Bei Black Jazz Records erschienen über vier Jahre 20 Alben, in kleiner Auflage; ihre eigenwillige Interpretation von Jazz bot Alternativen zu Traditionellerem und gab neben dem Spiritual Jazz auch Funk, Soul und Free Jazz Raum. Black Jazz Records spiegelte den von der Bürgerrechtsbewegung inspirierten Zeitgeist wider und war doch bald schon wieder Geschichte. Wieder ausgegraben wurde der innovative Sound in den 1990er Jahren, etwa durch Samples in Tracks von A Tribe Called Quest oder durch prominente Fans wie dem Londoner DJ Gilles Peterson oder eben Theo Parrish, der eine Black-Jazz-Compliation herausbrachte. Parrish ist Mitveranstalter des All-Star-Konzerts am 10. Oktober im Festsaal Kreuzberg (zwei Tage vorher wird es übrigens in Paris stattfinden); vorab legt er zudem auf.

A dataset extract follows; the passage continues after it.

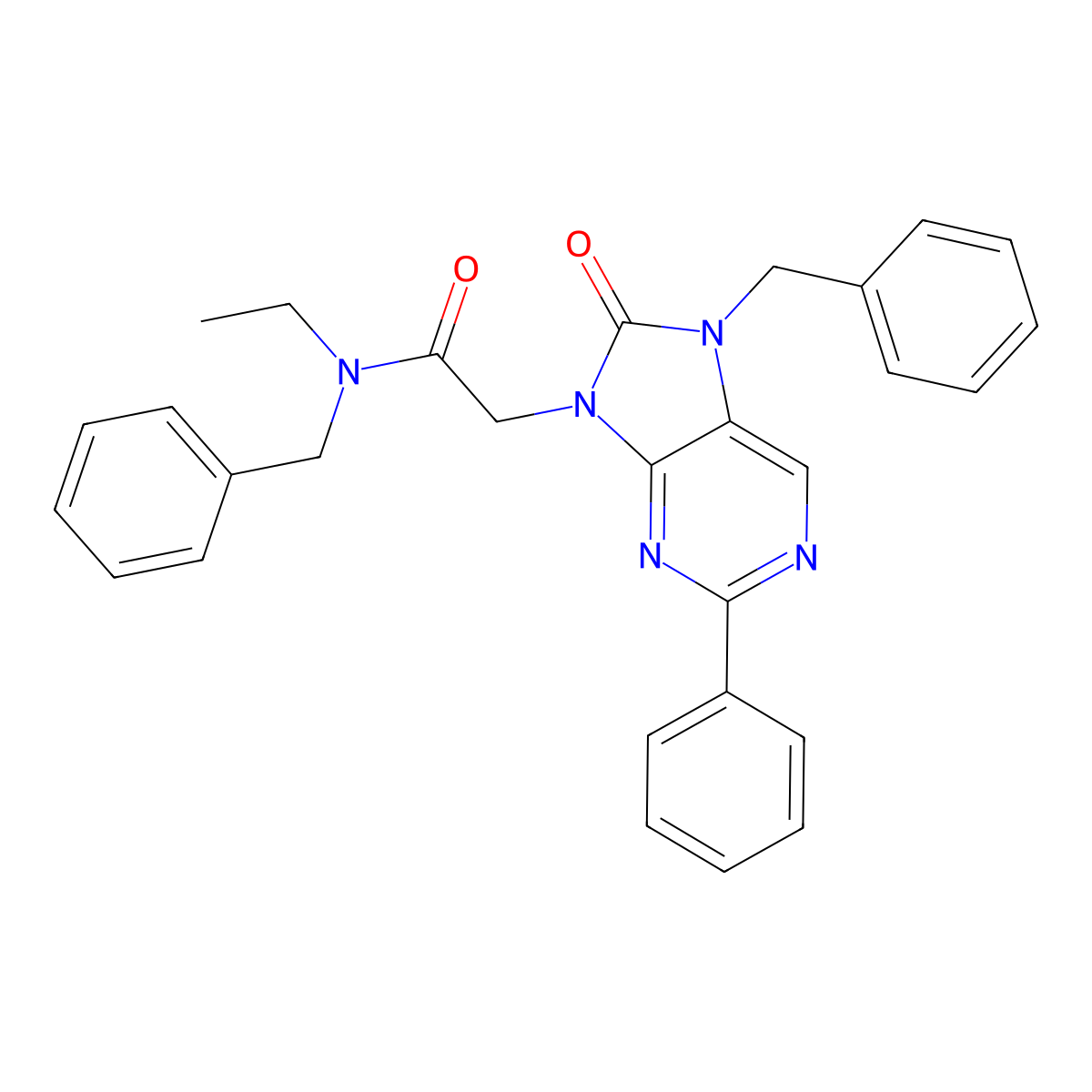 N-Benzyl-2-(7-benzyl-8-oxo-2-phenyl-7H-purin-9(8H)-yl)-N-ethylacetamide molecular structure, CAS 1359705-67-1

Dort werden die prominentesten Musiker des Labels erstmals zusammen spielen, knapp 50 Jahre, nachdem sie mit Black Jazz Records ziemlich bahnbrechende Musik veröffentlichten. Mit dabei ist das berühmteste Aushängeschild der Pianist Doug Carn, der zusammen mit seiner damaligen Frau, der Sängerin Jean Carn vier Alben auf dem Label herausbrachte. Später hatte sie eine Karriere als R&B-Sängerin. Die beiden sind kein Paar mehr, treten aber seit einigen Jahren wieder gemeinsam auf; unter anderem bei der Trauerfeier für Aretha Franklin vergangenen Sommer – und nun eben auch in Berlin. Unterstützt werden sie von dem Schlagzeuger Michael Carvin, der auf ihrem Labeldebüt „Infant Eyes“ mitspielte und dem Posaunisten Steve Galloway, der einst bei The Awakening mitwirkte, der wohl zweitberühmtesten Formation des Labels. Man darf gespannt sein.

Vermynck erzählte, er mag keine Tribute-Veranstaltungen: „Man muss die Leute feiern, so lange sie leben.“ Da ist man gerne dabei. Und am Wochenende geht die geschichtsbewusste J.A.W. Family dann auch schon wieder in die Gegenwart dahin, wo sich sonst die Raver tummeln: Drei Tage werden Djs anlässlich der Family Reunion in der Neuköllner Griessmühle House, Funk und einiges mehr auflegen.